Dallas Darling writes at today's World News Network about the sentencing by an Israeli military court of Palestinian nonviolence activist Abdullah Abu Rahmeh to one year in prison along with a fine of $1,400 (which is more than the average Palestinian annual income). He compares the situation to Martin Luther King's arrest in Birmingham, adapting King's "Letter from Birmingham Jail" ... (click on the title of this post for the complete piece)
Israel is probably one of the most thoroughly segregated and intolerant nations. Its ugly record of police brutality and military incursions are known in every section of the Middle East. Its unjust treatment of Palestinians and Arabs in the courts is a notorious reality, as are the numerous false imprisonments of men, women and children. There have been more unsolved bombings and bulldozing of Palestinian homes and attacks on mosques in Israel than any nation in the Middle East. There have also been unsolved killings and a complete disregard for basic human rights and civil liberties.
You may well ask: "Why direct action? Why sit-ins, marches, etc.? Isn't negotiation a better path?" You are exactly right in your call for negotiation.
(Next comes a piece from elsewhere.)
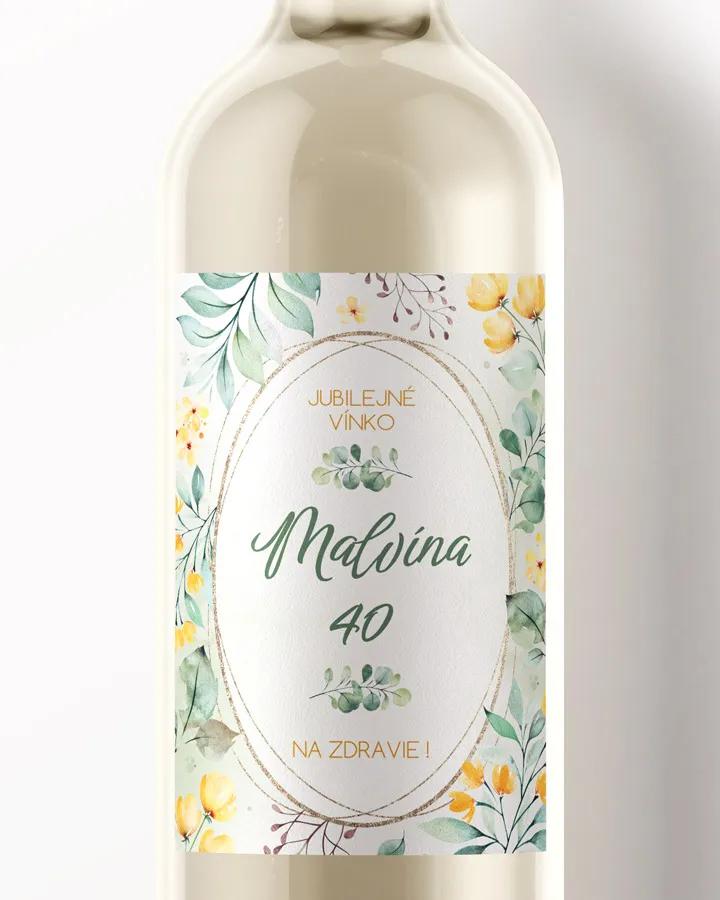 Etikety na víno / pálenku motív Žlté kvietky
Indeed, this is the purpose of direct action. Nonviolent direct action seeks to create such a crisis and establish such creative tension that a nation that has constantly refused to negotiate is forced to confront the issue. It seeks so to dramatize the issue that it can no longer be ignored. I have worked against violent tension, but there is a type of constructive nonviolent tension that is necessary for growth. It is the kind of tension that will help men to rise from the dark depths of prejudice and racism to the majestic heights of understanding and unity.
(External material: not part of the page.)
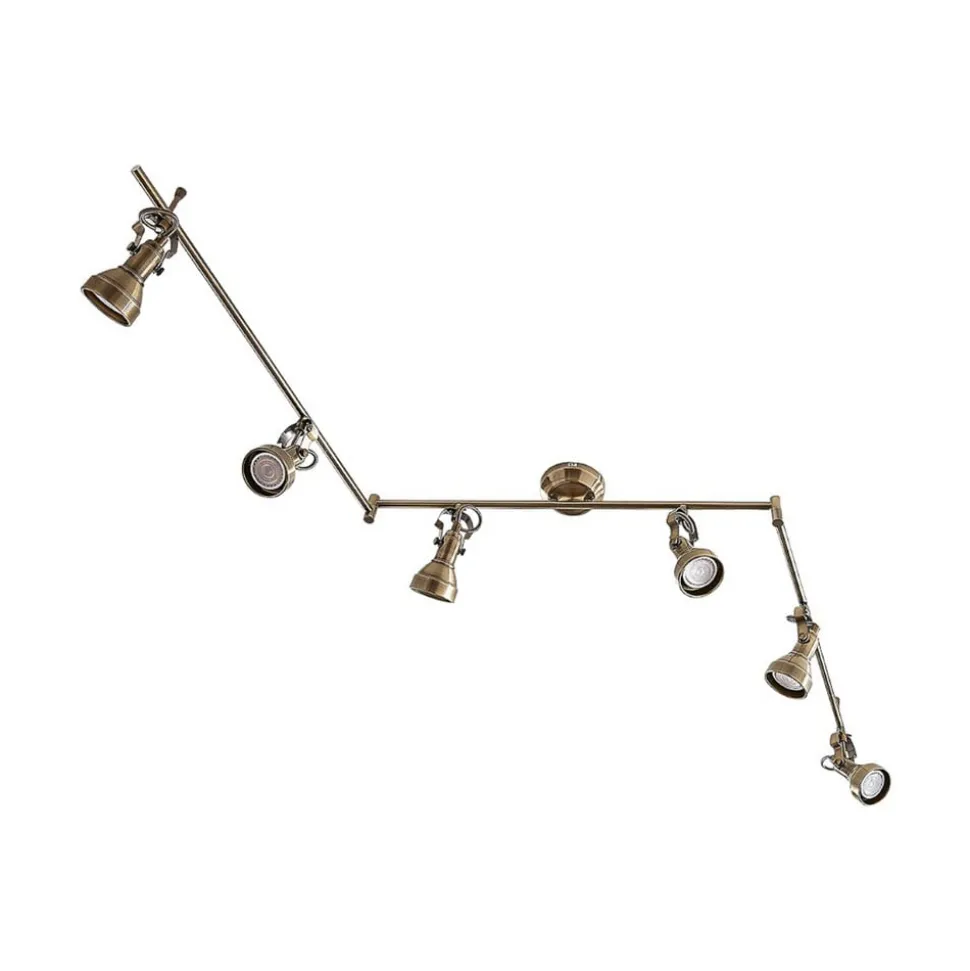 Lindby plafondlamp Perseas, 180 cm, 6-lamps, antiek messing, GU10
Nations and groups are more immoral than individuals. We know through painful experience that freedom is never voluntarily given by the oppressor; it must be demanded by the oppressed. Frankly, I have never yet engaged in a direct action movement that was "well timed," according to the timetable of those who have not suffered unduly from the disease of segregation and religious intolerance. For years now, I have heard the word "Wait!" It rings in the ear of every Palestinian with a piercing familiarity. This "Wait" has almost always meant "Never!" We must come to see with the distinguished jurist of yesterday that justice too long delayed is justice denied. ...
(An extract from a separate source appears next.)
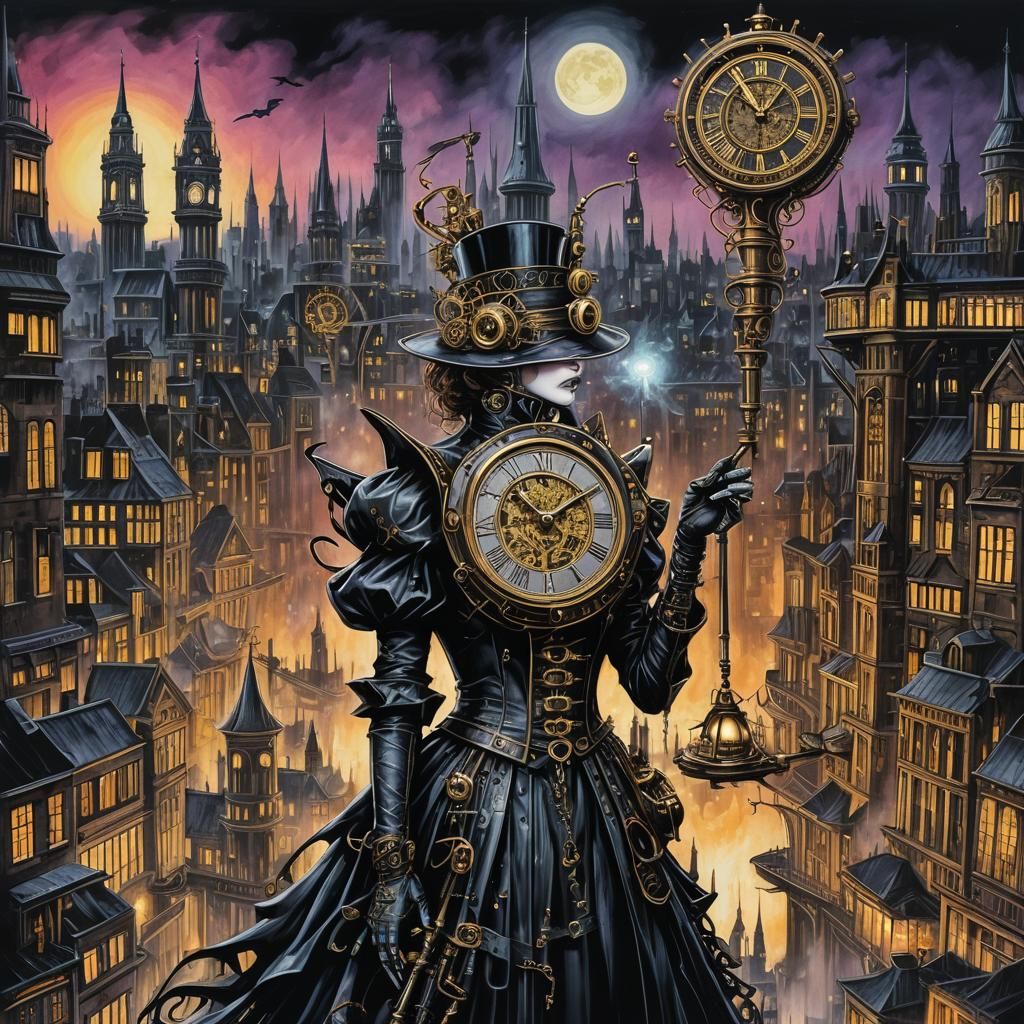 Steampunk Fairy Godmother's Clockwork Painting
Actually, we who engage in nonviolent direct action are not the creators of tension. We merely bring to the surface the hidden tension that is already alive. We bring it out in the open where it can be seen and dealt with. Like a boil that can never be cured as long as it is covered up but must be opened with all its pus-flowing ugliness to the natural medicines of air and light, injustice must likewise be exposed, with all of the tension its exposing creates, to the light of human conscience and the air of global opinion before it can be cured.